Global concurrency makes script more than twice slower than with a local sempahore
Opened this issue · 4 comments
Bug summary
version 1 with semaphore
import asyncio
from prefect import task, flow
sem = asyncio.Semaphore(100)
@task
async def print_value(value):
async with sem:
await asyncio.sleep(10)
print(value)
@flow
async def async_flow():
print("Hello, I'm an async flow")
# runs concurrently
coros = [print_value(i) for i in range(1000)]
await asyncio.gather(*coros)
if __name__ == "__main__":
asyncio.run(async_flow())
This takes 1m 42s
And here the concurrency version with a global concurrency limit called test with 100 slots
import asyncio
from prefect import task, flow
from prefect.concurrency.asyncio import concurrency
@task
async def print_value(value):
async with concurrency("test"):
await asyncio.sleep(10)
print(value)
@flow
async def async_flow():
print("Hello, I'm an async flow")
# runs concurrently
coros = [print_value(i) for i in range(1000)]

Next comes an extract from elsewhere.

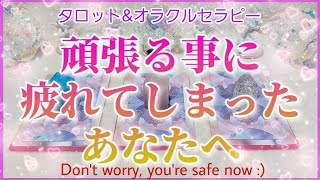 【大丈夫】頑張り過ぎて疲れてしまった方へ💓タロット\u0026オラクルから心を癒すメッセージ💓３択占い💓浄化音つき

await asyncio.gather(*coros)
if __name__ == "__main__":
asyncio.run(async_flow())
It takes 4m 6s
This is more than twice as slow.
Version info
Version: 3.1.0
API version: 0.8.4
Python version: 3.12.4
Git commit: a83ba39b
Built: Thu, Oct 31, 2024 12:43 PM
OS/Arch: darwin/arm64
Profile: local
Server type: cloud
Pydantic version: 2.8.2
Integrations:
prefect-gcp: 0.6.1
Additional context
No response
What region of the world, roughly are you located? (Trying to figure out if it's just a network latency thing)
This is an interesting point. The numbers were from my local machine which is in Israel. So i tried to run the flow from a K8S cluster in the US and the time is still not so good. It is 3m and 56s. So in the k8s clusteer it was about 6s faster but still very slow
Hi @david-gang is there a reason you expect a distributed lock that works across machines and environments to be roughly the same speed as a lock that only works within a single thread on a single machine? We can look into motivations for speeding this up for sure, but comparing it to asyncio.Semaphore
isn't an apples-to-apples comparison.
hi @cicdw , I understand that I cannot compare a local lock with a distributed lock. I am looking from the perspective on how much time I loose when I use global concurrency and I need some baseline, even if it is not perfect. What do you think is the baseline which could be compared? What is the ideal distributed lock which just exists in theory on cs books, and what is his theoretical overhead?
According to: https://docs.prefect.io/v3/develop/global-concurrency-limits#manage-database-connections
"Manage the maximum number of concurrent database connections to avoid exhausting database resources."
But if every query takes 10 seconds and due to the lock another 10 seconds get wasted, this is something which needs to be mentioned. So first and foremost the question is on how much time I am going to pay if I use this feature. I would expect to pay between 10-30% more time, but more than twice the time looks for me too much.
Additionally I think that there is more place to improve the concurrency. The current code acquires and releases the lock for every item in isolation. Maybe it would be better to see if there is a waiting item and holding the lock longer. Maybe starvation can be dealt in a more sophisticated manner.
Additionally requests to acquire slot may be windowed, so that we request for x items together which were sent in the same second (time window)
Thanks a lot